Last fortnight, around the time Gujarat’s BJP Chief Minister Narendra Modi was anxiously awaiting the Supreme Court verdict on the petition of murdered MP Ehsan Jafri’s wife Zakia, several hundred kilometres away, Bihar’s JD-U Chief Minister Nitish Kumar too hit the headlines. The government of Bihar had managed to seize a large house in Patna belonging to a bureaucrat accused of corruption and convert it into a primary school for Musahar children, who are among the most deprived of all Scheduled Castes.
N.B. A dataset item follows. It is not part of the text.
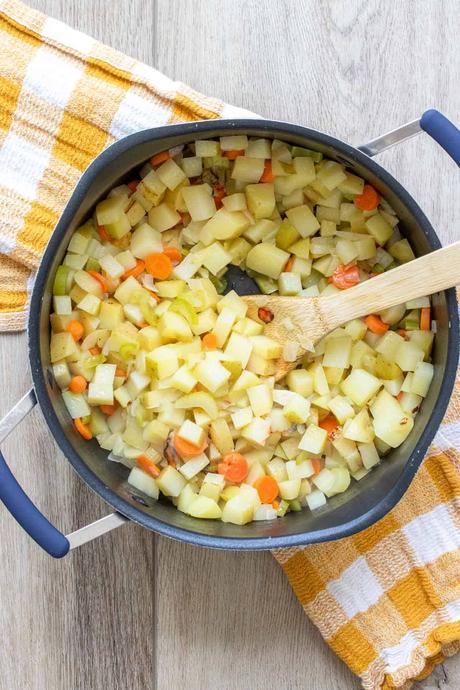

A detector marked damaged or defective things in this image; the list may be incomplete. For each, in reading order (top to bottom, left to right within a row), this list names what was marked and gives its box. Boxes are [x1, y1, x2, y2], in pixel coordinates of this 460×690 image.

Taking over properties of the corrupt and starting schools there was a pre-poll promise that Nitish Kumar had made last year; it was an Assembly election that the National Democratic Alliance (NDA)—of which the Bharatiya Janata Party (BJP) and Janata Dal-United (JD-U) are members—won with such a thumping majority that Bihar is now seen as another NDA bastion, just like Gujarat.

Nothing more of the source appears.